Znaleziono ciało 60-letniej kobiety, która zaginęła w piątek po zakończeniu pracy na placu targowym Tomex. Wysiadając z autobusu miała złamać nogę, ale nie była w stanie poinformować męża, gdzie się znajduje.
Reklama
Informację o śmierci kobiety potwierdził Gazecie Wyborczej Piotr Szpiech z krakowskiej komendy policji. Ciało kobiety zostało odnalezione przez policjantów w Luborzycy (powiat krakowski) w rejonie dzikich pól. W akcji poszukiwawczej brało udziału 365 policjantów, funkcjonariusze SOK, grupy poszukiwawcze z OSP, strażacy.
W piątek ok 14.30. kobieta zakończyła pracę na placu targowym Tomex. Autobusem miała jechać na ulicę Darwina. Tam miała się spotkać z mężem oraz synem.
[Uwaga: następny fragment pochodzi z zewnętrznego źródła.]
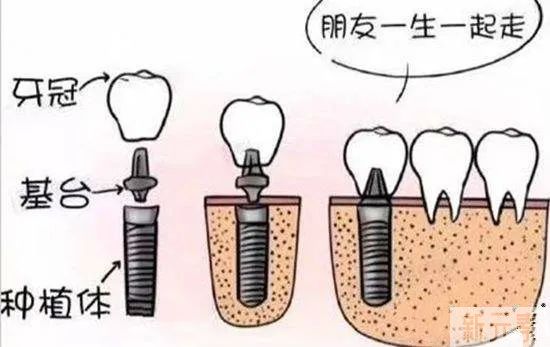 拔牙一年后再做种植牙，会影响效果吗? 图片-6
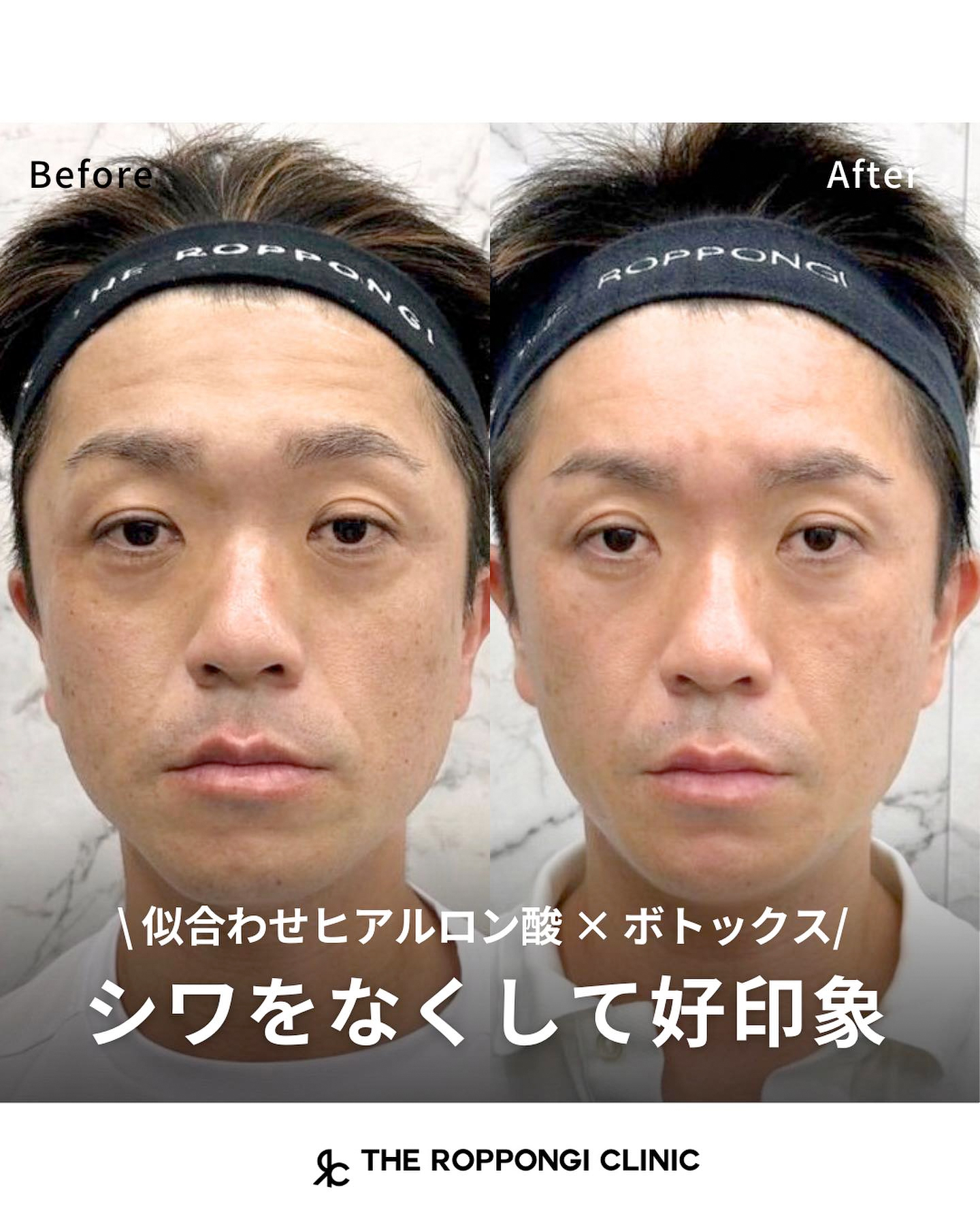 ザロク式似合わせヒアルロン酸®︎×ボトックス注射でシワを無くして好印象に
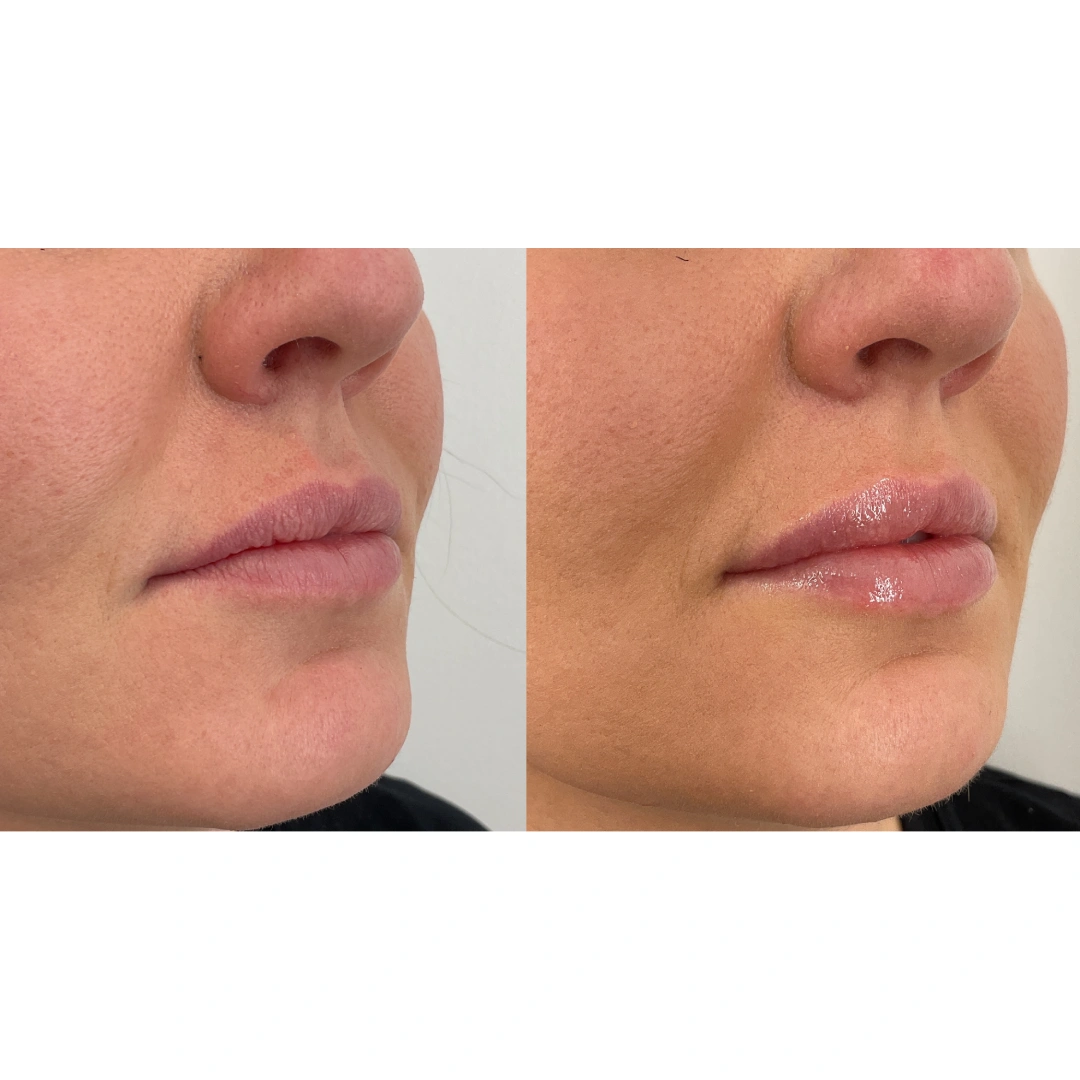 Lip Filler Before & After 3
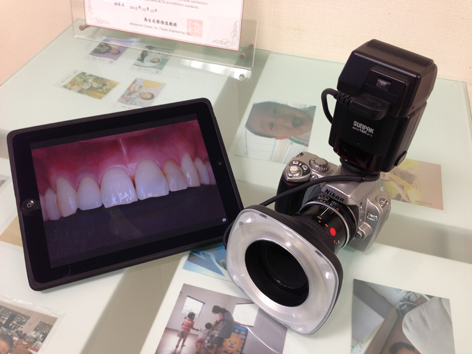 歯科用カメラ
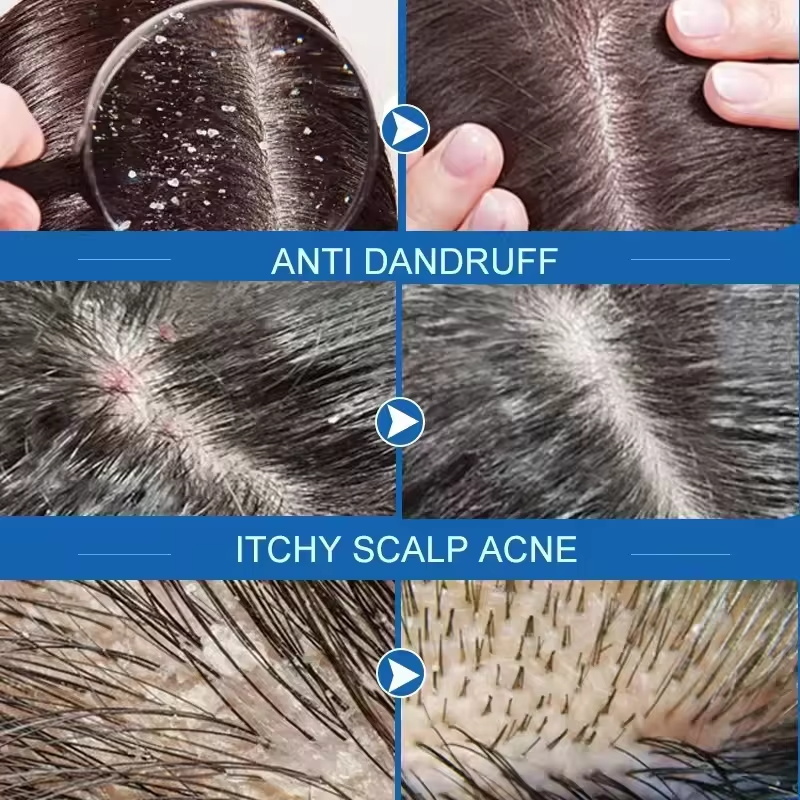 Veloce Antiforfora Trattamento - Hair Care Dandruff recensione e prezzo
60-letnia kobieta ok. godziny 17.30 w piątek rozmawiała telefonicznie z mężem. Poinformowała go, że wysiadając z autobusu, złamała nogę i nie może wydostać się z zaspy, w którą wpadła.
Po tej rozmowie kontakt z nią się urwał, najpierw bliscy szukali jej na własną rękę, wieczorem powiadomili policję. Jej ciało odnaleziono w sobotę kilka kilometrów od ulicy Darwina.
Okoliczności śmierci wyjaśnia prokuratura.